Robert B. Talisse in The Fulcrum:
Democracy is hard work. If it is to function well, citizens must do a lot of thinking and talking about politics. But democracy is demanding in another way as well. It requires us to maintain a peculiar moral posture toward our fellow citizens. We must acknowledge that they’re our equals and thus entitled to an equal say, even when their views are severely misguided. It seems a lot to ask.
To appreciate the demand’s weight, consider that a citizen’s duty is to promote justice. Accordingly, we tend to regard our political opposition as being not merely on the wrong side of the issues, but on an unjust side. Citizens of a democracy must pursue justice while also affirming that their fellow citizens are entitled to equal power even when they favor injustice. What’s more, citizens are obligated to acknowledge that, under certain conditions, it is right for government to enact their opposition’s will. This looks like a requirement to be complicit with injustice. That’s quite a burden.
To be sure, the demand is not altogether unconstrained.
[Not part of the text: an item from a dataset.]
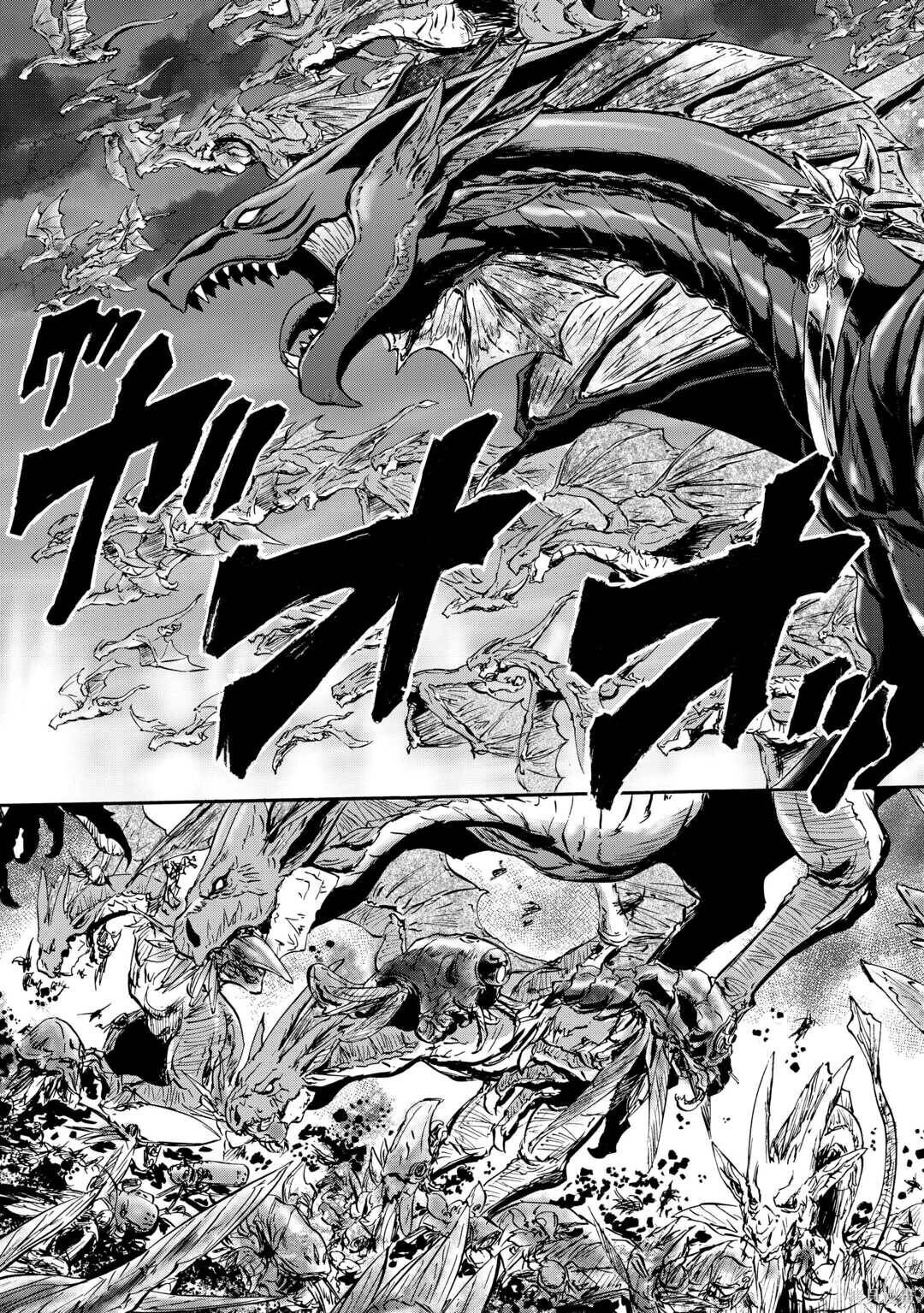 第143话前篇 第27页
For one thing, citizens need not respect every kind of political opponent. Although the boundaries are contested, there are limits to what counts as a valid political opinion. For example, citizens aren’t required to respect those who call for the absolute subordination of one portion of the citizenry to another. Furthermore, no citizen is ever required simply to submit to the popular will. In the wake of electoral defeat, we need not quietly resign; we are constitutionally entitled to criticize and protest the outcome.
Although these consolations may make the moral demand of citizenship more bearable, it remains onerous.